-- Records for this exercise follows --

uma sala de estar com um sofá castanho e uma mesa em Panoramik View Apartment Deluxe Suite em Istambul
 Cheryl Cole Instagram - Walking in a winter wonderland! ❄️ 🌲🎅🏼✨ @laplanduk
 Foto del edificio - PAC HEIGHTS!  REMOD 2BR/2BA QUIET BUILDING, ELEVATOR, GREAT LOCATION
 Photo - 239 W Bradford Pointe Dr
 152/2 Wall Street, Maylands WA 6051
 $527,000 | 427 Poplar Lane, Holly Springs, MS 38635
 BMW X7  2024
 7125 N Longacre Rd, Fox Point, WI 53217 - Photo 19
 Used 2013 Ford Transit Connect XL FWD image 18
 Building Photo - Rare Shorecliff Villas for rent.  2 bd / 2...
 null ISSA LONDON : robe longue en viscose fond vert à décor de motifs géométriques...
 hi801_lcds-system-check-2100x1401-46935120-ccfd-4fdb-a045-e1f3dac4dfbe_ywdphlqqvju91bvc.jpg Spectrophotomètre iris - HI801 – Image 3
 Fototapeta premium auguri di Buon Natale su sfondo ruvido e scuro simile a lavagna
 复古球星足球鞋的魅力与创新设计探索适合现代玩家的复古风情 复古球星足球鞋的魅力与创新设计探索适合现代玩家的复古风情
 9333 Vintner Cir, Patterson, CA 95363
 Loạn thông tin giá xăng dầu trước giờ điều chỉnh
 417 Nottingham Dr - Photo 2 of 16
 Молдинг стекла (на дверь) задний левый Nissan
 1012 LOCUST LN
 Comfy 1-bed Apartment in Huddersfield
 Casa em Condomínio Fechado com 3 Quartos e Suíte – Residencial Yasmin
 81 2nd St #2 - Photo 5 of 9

-- Records for this exercise concluded --

Assignment:
Nothing but the lines from the start of the data through the line holding "null ISSA LONDON" should be restated, and each one exactly.

Written response:
uma sala de estar com um sofá castanho e uma mesa em Panoramik View Apartment Deluxe Suite em Istambul
 Cheryl Cole Instagram - Walking in a winter wonderland! ❄️ 🌲🎅🏼✨ @laplanduk
 Foto del edificio - PAC HEIGHTS!  REMOD 2BR/2BA QUIET BUILDING, ELEVATOR, GREAT LOCATION
 Photo - 239 W Bradford Pointe Dr
 152/2 Wall Street, Maylands WA 6051
 $527,000 | 427 Poplar Lane, Holly Springs, MS 38635
 BMW X7  2024
 7125 N Longacre Rd, Fox Point, WI 53217 - Photo 19
 Used 2013 Ford Transit Connect XL FWD image 18
 Building Photo - Rare Shorecliff Villas for rent.  2 bd / 2...
 null ISSA LONDON : robe longue en viscose fond vert à décor de motifs géométriques...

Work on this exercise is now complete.